My mind runs through things way too much, and one of the topics I’ve been thinking about today while working on the farm is re-attaching severed heads. Medical science has already learned how to re-attach arms, legs, and penises with success (even, I assume, re-attaching motor and sensory nerves). Also, cryogenic technology enables bodies to survive transplants of vital organs (I’ve heard too that severed limbs stand a better chance of re-attachment if kept cold). It also occurred to me that brain damage and brain death was forestalled for unlikely lengths of time by cold in more than one case (IIRC) of drowning in extremely cold water.

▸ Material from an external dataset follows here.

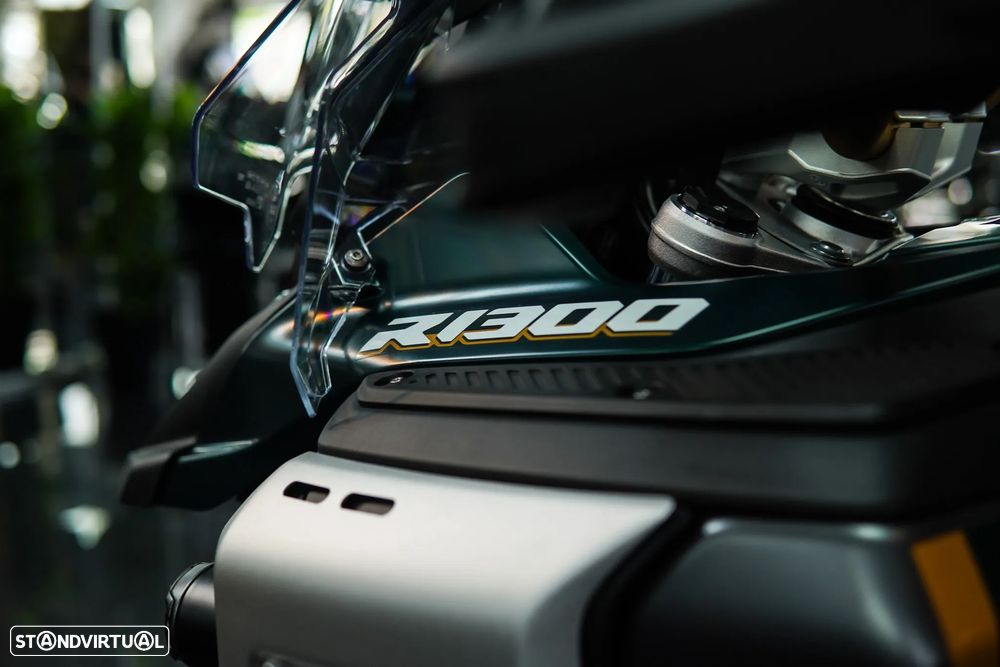 BMW R 1300 GS Adventure KARAKORUM Option 719 Akrapovic ASA - 10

(DISCLAIMER: I admit I am ignorant, let’s just get that out of the way. One monkey wrench in the works here is that nerve tissue, such as the spinal cord, can’t be easily re-attached, right? Just thought of that.)

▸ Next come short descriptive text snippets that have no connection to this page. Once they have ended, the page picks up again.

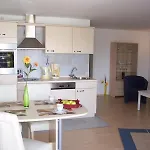 Appartement Gaestehaus Vogelsang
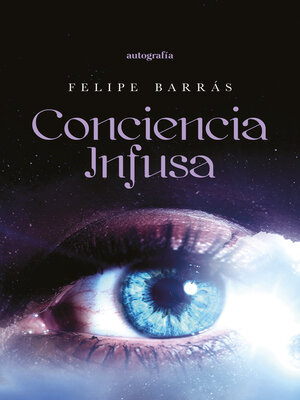 cover image of Conciencia infusa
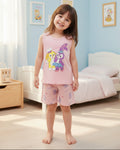 Stella 2-pieces Short Set (3 up to 5 years)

Given these facts (and I’m sorry there are no cites, slap me or something), I have been wondering how close medicine is to being able to save decapitation victims? Have there been any attempts, or successful re-attachment of partially severed necks? It seems that with cryogenics and microsurgery, someone should be able to come up with a way to re-attach a severed head. Any thoughts?
Being as you only have minutes before the brain begins to die from anoxia, I don’t see it being possible in any practical sense, even if the technical challenges can be overcome. In the field, the victim would be dead before the paramedics even got there.
Except in the most unlikely circumstances (head bitten off by giant clam while scuba diving in freezing waters), head reattachment surgery is unlikely ever to come up in the emergency room, largely because brain death will have occurred long before the victim ever shows up in the ER. Not to mention that most accidental decapitations are unlikely to be made with surgical precision, so the various components are not likely to be in mint condition.
You might broaden your query to how likely it is to have a full body transplant in cases where a victim is brain dead and another person is dying and requires a new body. Surprisingly enough, doing a search on head transplant indicates that some [reasonable but controversial progress has been made.](http://news.bbc.co.uk/1/hi/health/1263758.stm)
Did you ever see the episode of Futurama where Fry had his head transplanted onto Amy's shoulder? Not so far from the mark, as it turns out.
I learned in training that we do not have the technology to reattach nearves at all. If a bullet wound goes through your phrenic nerve, that’s it. There’s no way to sew the nerve back together. Good thing we have two of those.
When learning about heart transplants I was told that the nerves are not reconnected. Because of this, there is no innervation to a transplanted heart. It’s rate is controlled by hormones only and not neurotransmitters.
Am I way off here? Can we sew nerves back together and fix ripped nerves?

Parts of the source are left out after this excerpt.